O da Vila Albertina operou entre 1977 e 1993. Recebeu cerca de 9,2 milhões de toneladas dejetos, com vazão de chorume em torno de 1,5 litro por segundo. O de Sapopemba operou entre 1979 e 1984. Recebeu cerca de 2,72 milhões de toneladas de lixo, com vazão de um litro por segundo de chorume.
Os outros três aterros desativados que preocupam os ambientalistas são o de Jacuí, que funcionou entre março de 1981 e 1988; o de São Mateus (1984-1986); e o de Santo Amaro (1976-1995). Este último recebeu 16,21 milhões de toneladas de dejetos e apresentava vazão de chorume, em 2002, de 3,5 litros por segundo.

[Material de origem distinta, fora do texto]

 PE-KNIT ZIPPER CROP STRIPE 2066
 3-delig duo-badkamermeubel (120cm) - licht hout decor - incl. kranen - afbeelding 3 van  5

A Companhia de Tecnologia de Saneamento Ambiental (Cetesb), ligada à Secretaria do Meio Ambiente do governo de São Paulo, e o Departamento de Limpeza Urbana (Limpurb) são, respectivamente, os órgãos do estado e do município responsáveis pelo licenciamento e pela contratação dos serviços de limpeza pública. Cabe à Secretaria Municipal do Verde e do Meio Ambiente (SVMA) o monitoramento das áreas desativadas e potencialmente poluidoras.